The 553 patients enrolled in NOVA had been diagnosed with recurrent epithelial ovarian, fallopian tube, or primary peritoneal cancer who had received at least 2 prior treatments of platinum-based chemotherapy. About 66% of patients did not have germline BRCA mutations. Both radiographic and clinical progression were monitored.

Patients were randomized (2:1) within 8 weeks of the last therapy to either niraparib (300 mg orally daily) or matched placebo. Patients with deleterious or suspected deleterious germline BRCA mutations (gBRCAm) were assigned to the germline BRCA-mutated (gBRCAmut) cohort (n = 203), and those without germline BRCA mutations were assigned to the non-gBRCAmut cohort (n = 350). The results identified significant improvement in progression-free survival (PFS) in both the gBRCAmut and non-gBRCAmut cohorts.

  • PFS was 21 months for patients treated with niraparib, compared with 5.5 months for those receiving placebo, in the gBRCAmut cohort (HR = 0.26; 95% CI, 0.17, 0.41; P <.0001)
  • PFS was 9.3 months for niraparib-treated patients, compared with 3.9 months in the placebo-treated patients, in the non-gBRCAmut cohort (HR = 0.45; 95% CI, 0.34, 0.61; P <.0001)

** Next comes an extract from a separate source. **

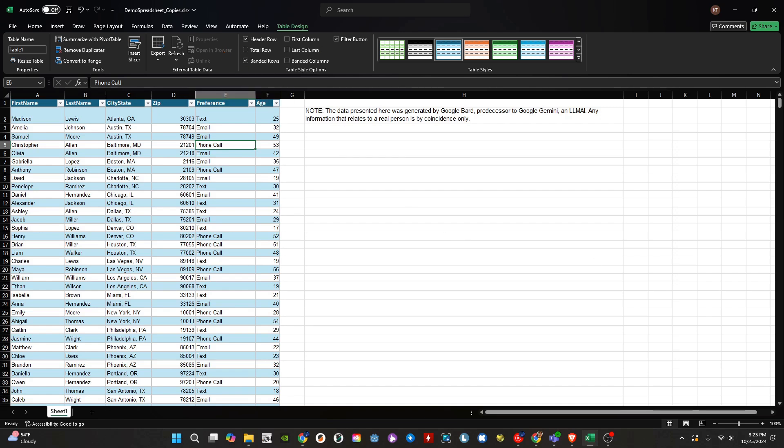Here we can do a few things. We can name the table. It is currently set to Table 1, which is fine for us since we only have a single table. But for workbooks that are using multiple tables, it is a good idea to rename the table to something more descriptive. When we do, make sure not to include any spaces.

Safety studies, conducted in 367 patients with platinum-sensitive recurrent ovarian, fallopian tube, and primary peritoneal cancer found that at least 10% of patients had the following adverse reactions: thrombocytopenia, anemia, neutropenia, leukopenia, palpitations, nausea, constipation, vomiting, abdominal pain/distention, mucositis/stomatitis, diarrhea, dyspepsia, dry mouth, fatigue, decreased appetite, urinary tract infection, AST/ALT elevation, myalgia, back pain, arthralgia, headache, dizziness, dysgeusia, insomnia, anxiety, nasopharyngitis, dyspnea, cough, rash, and hypertension. Patients receiving niraparib and placebo were equally susceptible to myelodysplastic syndrome (1.4%) or acute myeloid leukemia (1.1%).

“We are so gratified to bring this unique new medicine to women with ovarian cancer, and would like to thank the patients who gave selflessly to participate in this trial with the assistance of their caregivers and physicians. We consider clinical trial participants to be the most important contributors to the success of the ZEJULA clinical development program,” said Mary Lynne Hedley, PhD, president and chief operating officer of TESARO.

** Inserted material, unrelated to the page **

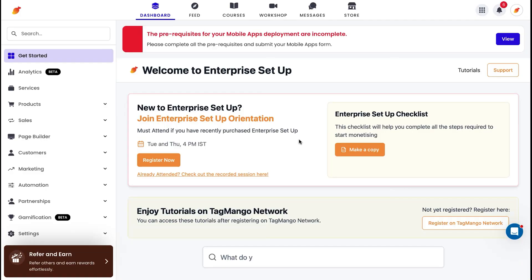And the best part? It's stupid simple to use. Once you log into Tag Mango, you'll land on a clean, intuitive dashboard with everything you need right here. Alright, let's deep dive.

Ursula Matulonis, MD, director, Gynecologic Oncology at Dana-Farber Cancer Institute and professor of medicine, Harvard Medical School, who has been involved with the clinical trials, explained that the effectiveness of platinum-based drugs diminishes in the case of ovarian cancer. “Until recently, there have been few treatment advances for women with recurrent ovarian cancer and even fewer options available for women who do not harbor BRCA mutations. We are excited to have the opportunity to offer appropriate patients an oral, once-daily maintenance treatment that reduces the risk of cancer progression and extends the time between courses of chemotherapy for patients who have few treatment options,” she said.

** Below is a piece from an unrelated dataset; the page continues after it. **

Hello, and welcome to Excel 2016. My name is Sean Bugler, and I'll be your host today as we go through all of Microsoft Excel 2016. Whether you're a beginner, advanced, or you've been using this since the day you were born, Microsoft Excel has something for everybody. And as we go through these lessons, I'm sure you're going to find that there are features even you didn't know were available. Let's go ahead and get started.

PARP is an enzyme that actively corrects DNA damage and PARP inhibitors are used as monotherapy against tumors with defective DNA repair, such as BRCA1/2, and are also used in combination with anticancer agents designed to cause DNA damage.

Phase 3 results from NOVA were presented at the 40th annual meeting of the European Society for Medical Oncology (ESMO) in fall 2015, from the companion diagnostic perspective. The myChoice HRD test, developed by Myriad Genetics, was tested in parallel with the drug and found that 100% of patients with a germline BRCA mutation and 55% of patients without a BRCA mutation had defects within their homologous recombination DNA repair pathway.

Tesaro is also developing niraparib for front-line treatment of ovarian cancer in combination with bevacizumab or a programmed death-1 (PD-1) inhibitor. The company also plans to initiate a combination trial of niraparib with a PD-1 inhibitor in triple-negative breast cancer, as well as lung cancer.

Niraparib is expected to be available in the market by the end of April. Olaparib (Lynparza by AstraZeneca) and rucaparib (Rubraca by Clovis Oncology) are the 2 other PARP inhibitors currently available for ovarian cancer.